DATA START
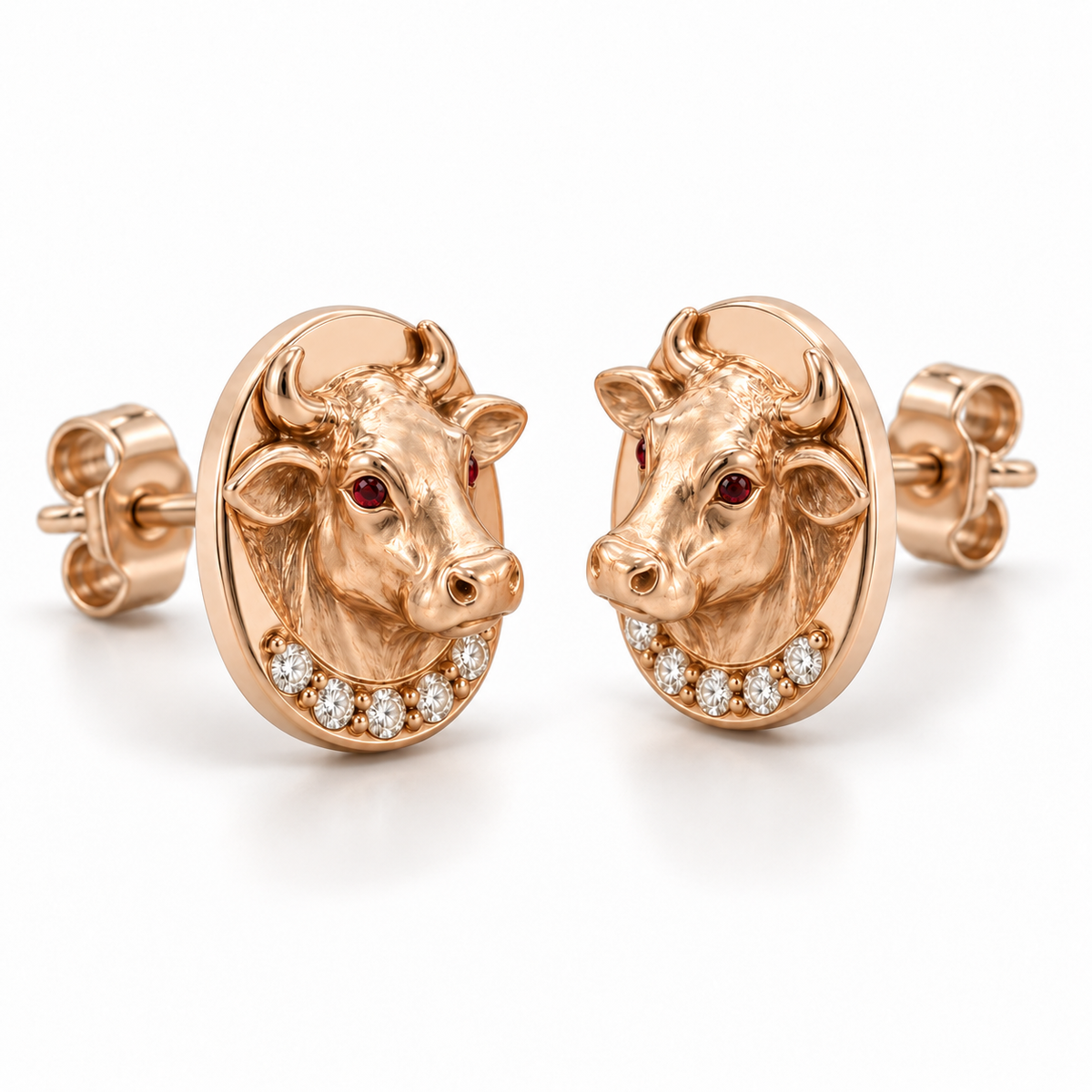 Prairial Cow Signet Studs — alternate view with construction — [metal:all]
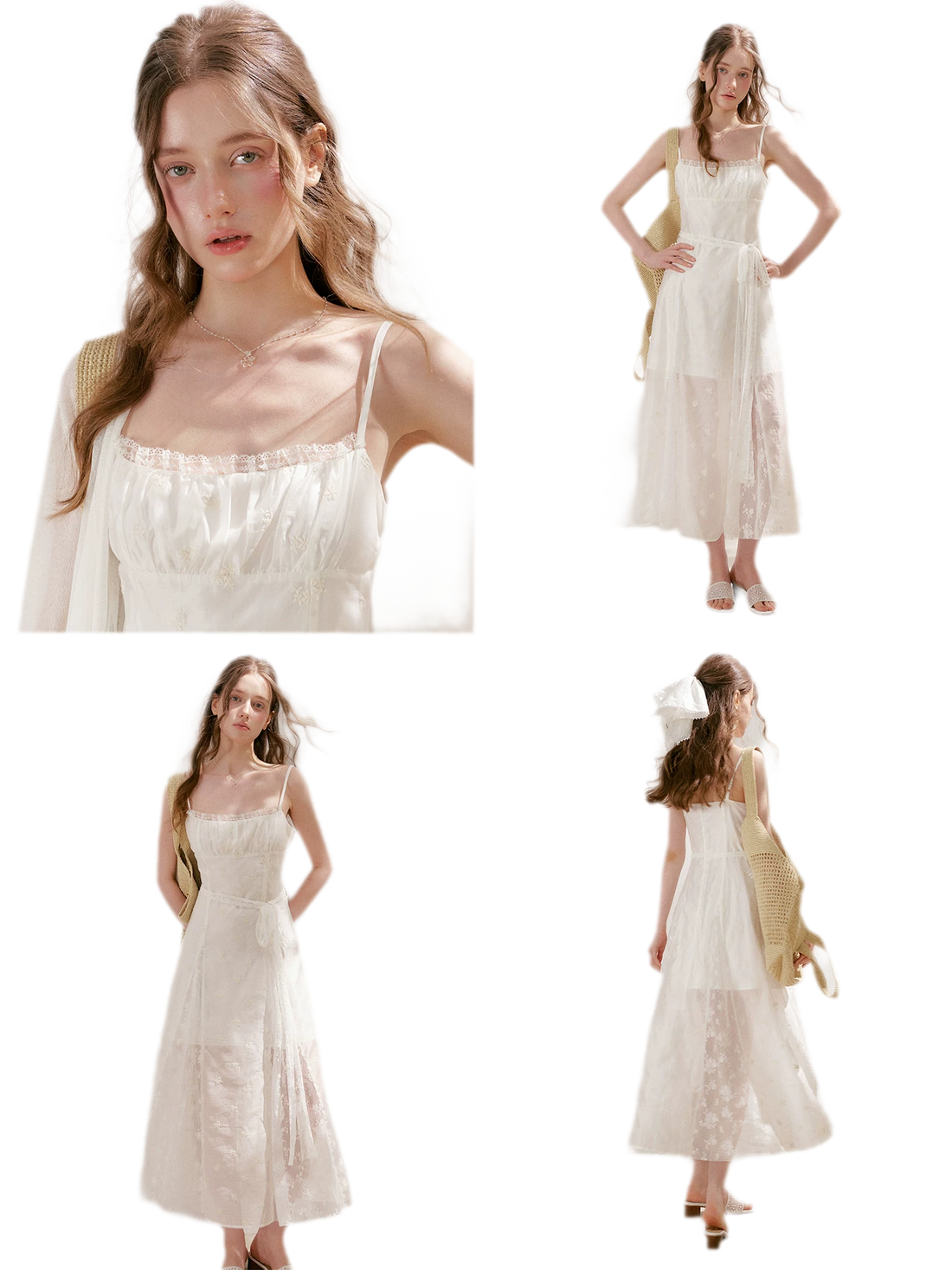 French Embroidered A-line Dress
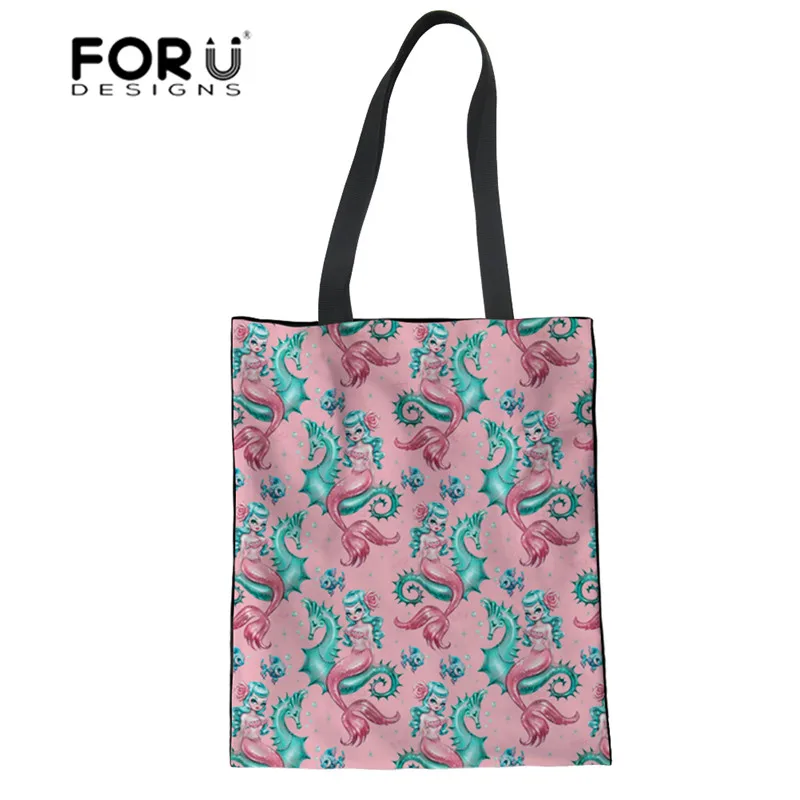 FORUDESIGNS Shopping Bag for Women Mysterious Mermaid Pattern Large Reusable Shopper Bag Casual ...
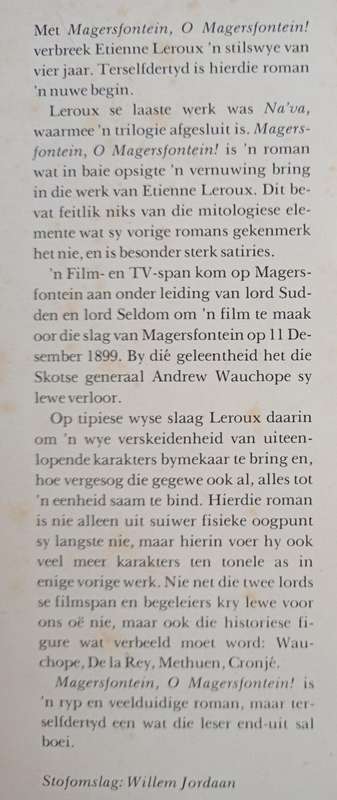 Magersfontein O Magersfontein by Etienne Leroux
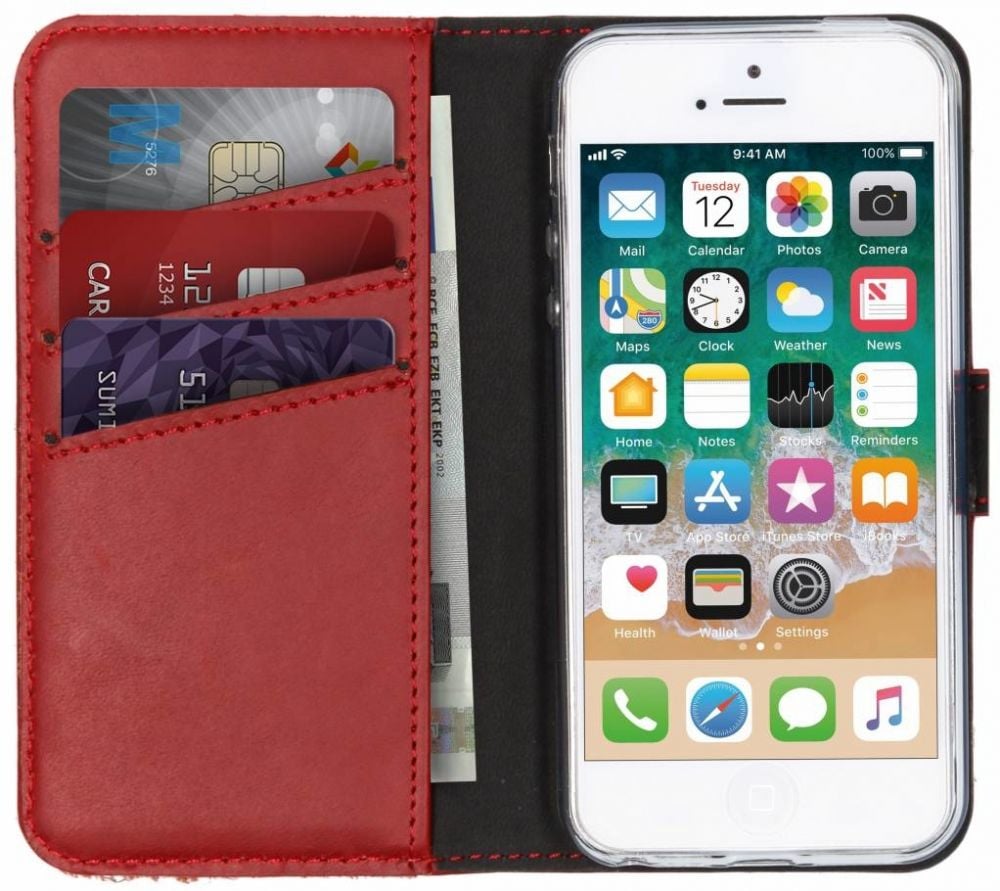 Selencia Echt Lederen Bookcase iPhone SE / 5 / 5s - Rood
DATA END
__TASK DIRECTIONS__
Set down each entry above word for word, without its pictures.

__TASK OUTPUT__
 Prairial Cow Signet Studs — alternate view with construction — [metal:all]
 French Embroidered A-line Dress
 FORUDESIGNS Shopping Bag for Women Mysterious Mermaid Pattern Large Reusable Shopper Bag Casual ...
 Magersfontein O Magersfontein by Etienne Leroux
 Selencia Echt Lederen Bookcase iPhone SE / 5 / 5s - Rood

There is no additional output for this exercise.